These studies have many interesting implications. I'll focus on one.

The research highlights a danger in memorizing sets of tactical puzzles (which in general I think is perfectly fine, as I argued here). Namely, the problems act as a kind of cognitive gravity sink. You see something that looks similar to a memorized problem, but overlook the fact that there is a small but killer difference between the memorized position and the one in front of you (this is something I noticed while doing the Circles, and wrote about here with an example).

So, for those of us that like to solve tactical puzzles, what should we do? Most obviously, it seems better to pick problem sets with many little variations on a similar theme. For instance, including many back rank mates some of which take quite a bit of setup, as the opponent has defensive resources. This will stop you from making knee-jerk moves and force you to look at the position to see if the move you "recognize" is actually safe. Of course you should do this all the time, but as the studies show, when it is a motif we have seen time and time again, it can warp our minds to the point where it is hard to see the truth in the position.

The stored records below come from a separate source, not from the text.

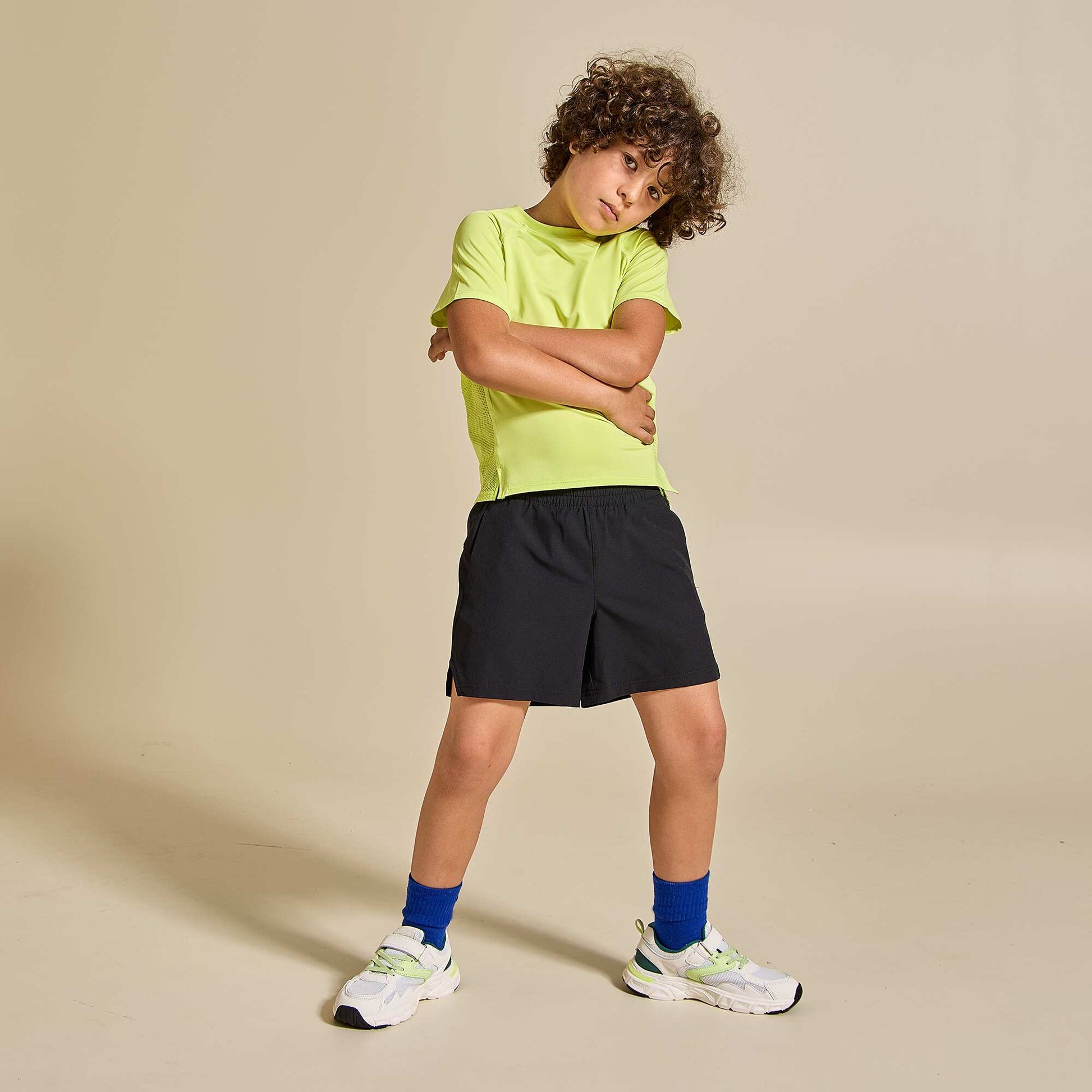 Sports shorts with zipped back pocket BLACK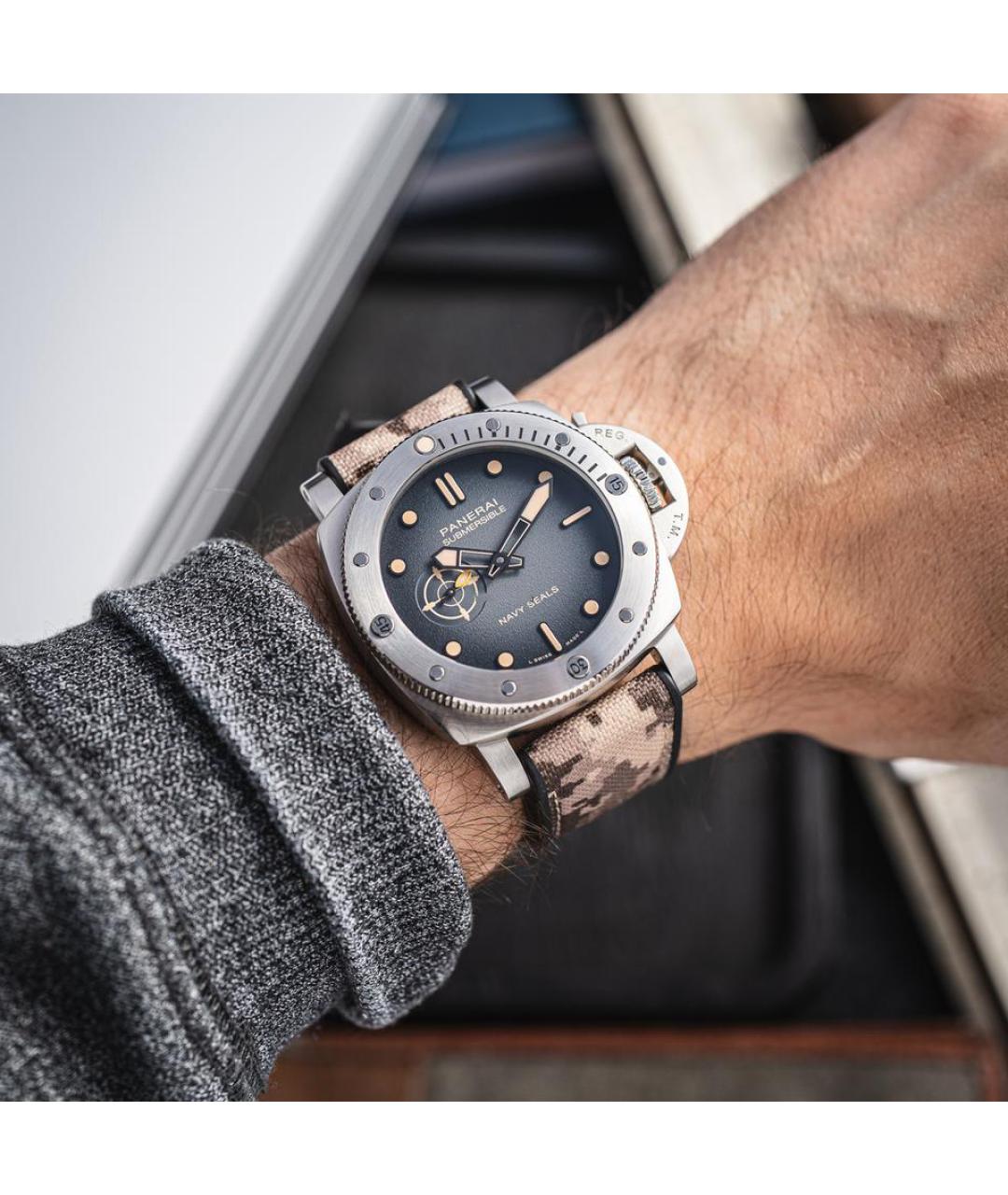 PANERAI Серые часы, фото 4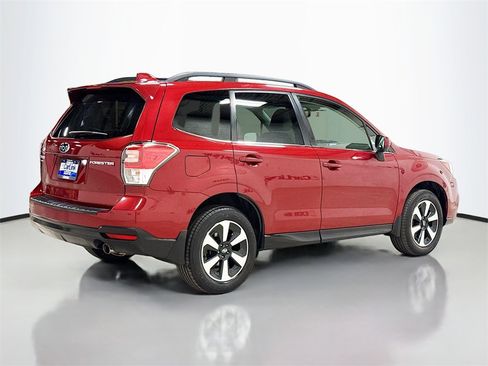 Used 2018 Subaru Forester 2.5i Limited image 7
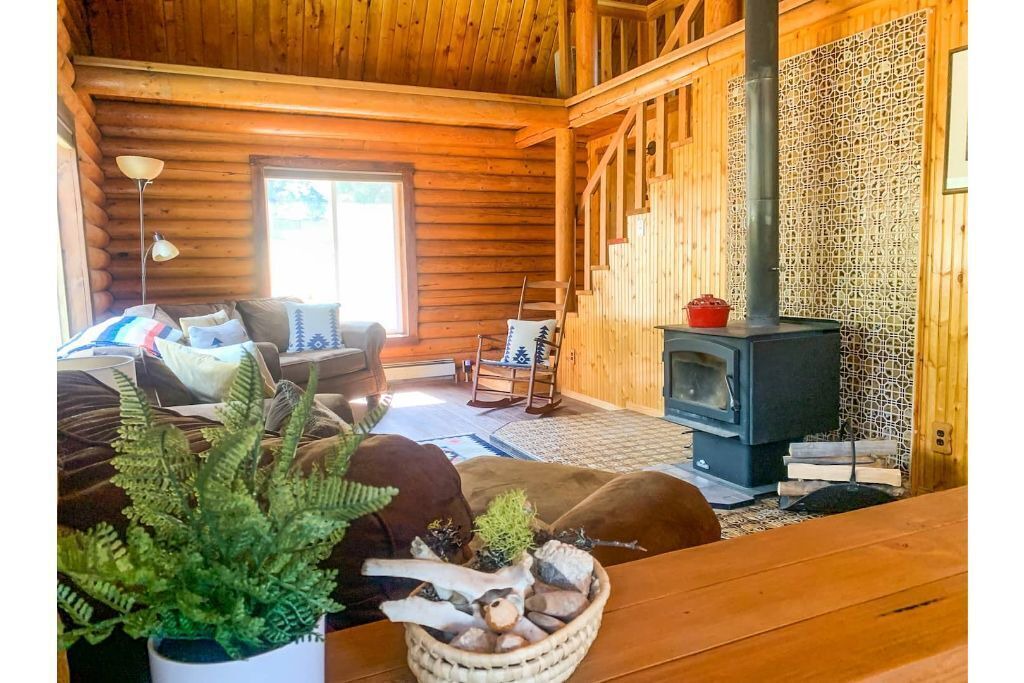 Photo of Livingroom in Garden Valley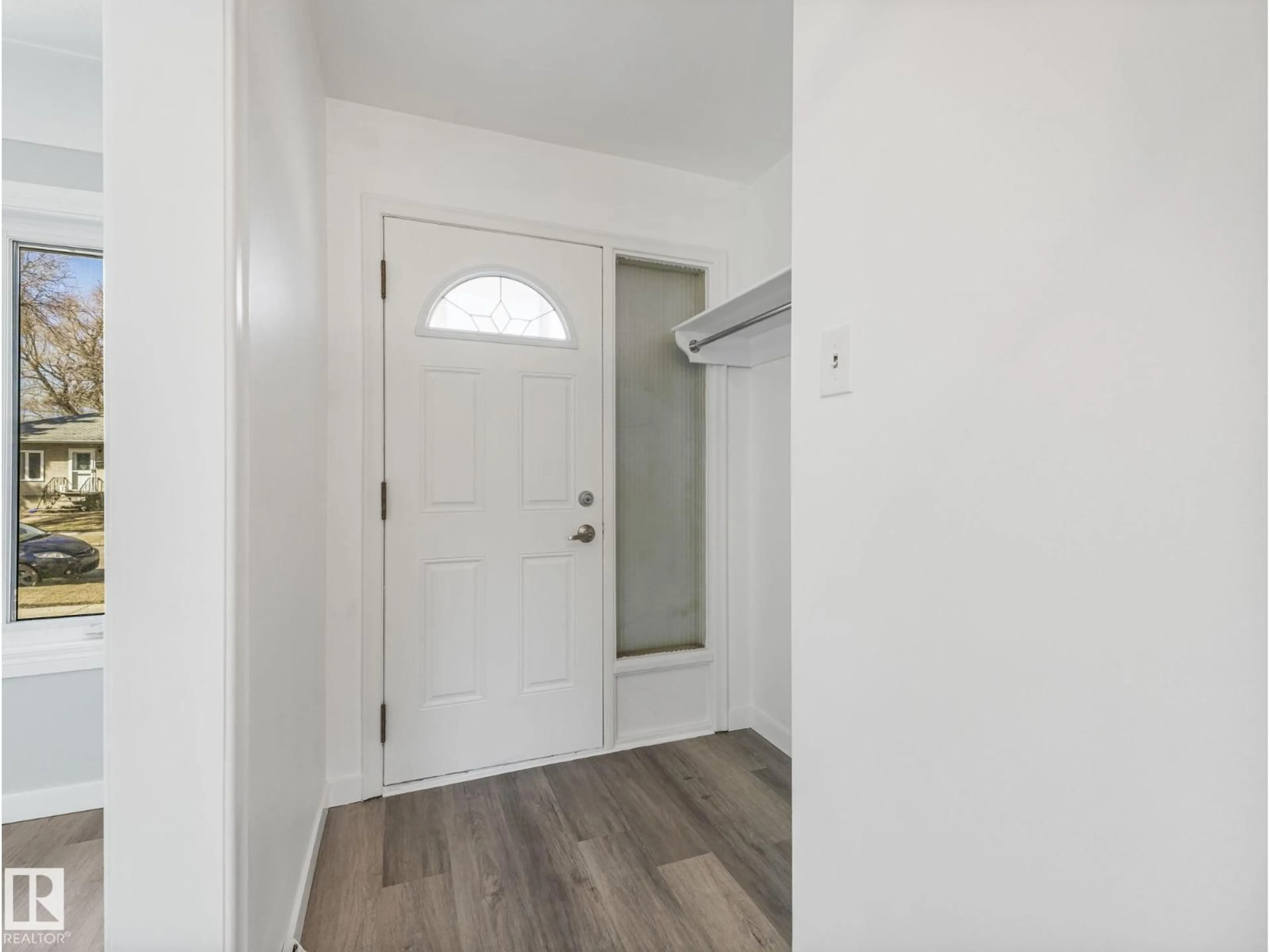 Indoor entryway for 11523 136 ST, Edmonton Alberta T5M1M4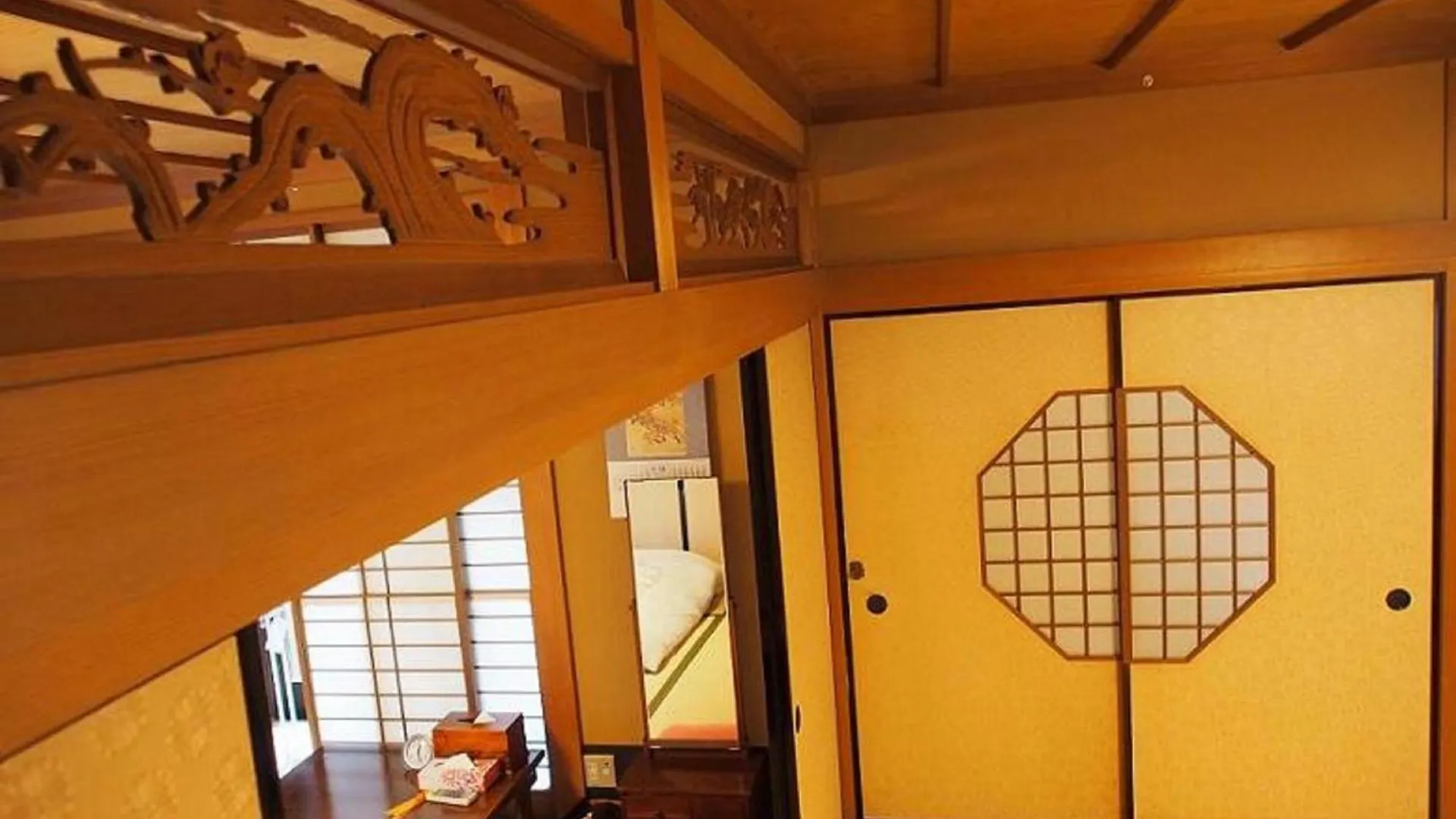 Kamuroan Quioto 3*,  Japão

Saturday, November 08, 2008

Opening knowledge pitfalls

Heisman advises that the first time in a game your opponent makes a move that is not in your opening book, you should take a fresh critical look at the position. It's one of those times you need to drink from the well of The Think.

Oddly, when I feel I am "booked up" on an opening, and my opponent plays out of book early on, I often panic. I don't calmly evaluate the position, but often freak out, thinking "Crap they have me out of book."

There are a few reasons this is a mistake.

My main opening lines are fairly sound. When my opponent plays out of book it is often because they don't know the opening, or at least aren't playing the best line, and have just weakened their position. Instead of assuming they have some pet line prepared to devastate me, I should see if they have just missed a basic tactic, examine which squares and pieces they may have made vulnerable, etc.. In other words, start playing chess.

Worse, I sometimes don't even notice they pushed me out of book, and I just continue with my usual plans without looking at how their deviation from my preparation influences the position.

For instance, I was playing the Caro-Kann as black when white moved his Bishop to d3 (a common theme). However (perhaps because of his own narrative demons) he did it too early (black to move):Instead of grabbing the juicy pawn with Qxd4 I played some "normal" developing move (Nf6) in the Caro Kann without even slowing down to look for basic tactics. I could have had a pawn for free, and a beautiful position, but because I was locked into a Caro Kann way of thinking (which is usually a fairly quiet game), I failed to look for, and take advantage of, an early gift.

Good players exploit weaknesses in the opening. As Rowson would say, they don't let their little opening narratives get in the way of seeing what is actually happening over the board. Let the position, not all your book knowledge, tell you what your plans should be.

Keeping this in mind in a subsequent game, I actually got it right. I played the Smith-Morra gambit as white, and black played an early d5, which is usually a mistake in the SM because it leaves f7 vulnerable. The position was as follows (white to move):This position is not in my opening knowledge, but especially in the Smith Morra there is a kind of grand system where you castle kingside, move your Queen to e2, and rooks to the open files on c1 and d1. My initial candidate moves were all part of this general schema.

Luckily I remembered the lesson from the Caro-Kann, and I let myself drink The Think, and came up with Qd5! (mate threat at f7). I went on to get a nice miniature (the game concluded 7...Qc7 8. Qxf7+ Kd8 9. Qxg7 Bf6 10. Qf8#). My move violated the principle 'Don't move the queen too early', but when mate is in the air, nothing else matters!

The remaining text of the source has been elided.